They also got a bad attack of inequality for the first time. Extant hunter-gatherers are remarkably egalitarian, a state of affairs dictated by their dependence on sharing each other’s hunting and gathering luck. (They sometimes need to enforce this equality with savage reprisals against people who get ideas above their stations.) A successful farmer, however, can soon afford to store some provisions with which to buy the labour of other less successful neighbours, and that makes him more successful still, until eventually – especially in an irrigated river valley, where he controls the water – he can become an emperor using servants and soldiers to impose his despotic whim upon subjects.

Worse still, as Friedrich Engels was the first to argue, agriculture may have worsened sexual inequality. It is certainly painfully obvious that in many peasant farming communities, men make women do much of the hard work. In hunter-gathering, men have many tiresome sexist habits, but they do at least contribute. When the plough was invented around 6,000 years ago, men took over the work of driving the oxen that cultivated fields, because it required greater strength, but this only exacerbated inequality. Now women were treated increasingly as the chattels of men, loaded with bracelets and ankle rings to indicate their husband’s wealth. Now art became dominated by the symbols of male power and competition – arrows, axes and daggers.
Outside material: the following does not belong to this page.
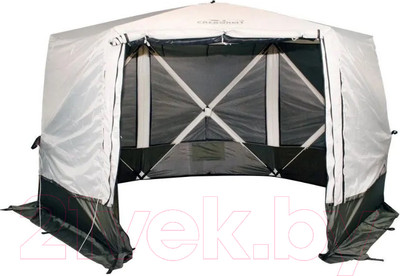 Туристический шатер Следопыт 1.89x1.72 / PF-TOR-K06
Now polygamy probably increased and the wealthiest men acquired harems and patriarchal status: at Branc in Slovakia, more women than men were buried with elaborate grave goods, indicating not that they were wealthy, so much as that their polygamous husbands were wealthy while other men languished in celibate poverty. In this way, polygamy enables poor women to share in prosperity more than poor men. It was an age of patriarchy.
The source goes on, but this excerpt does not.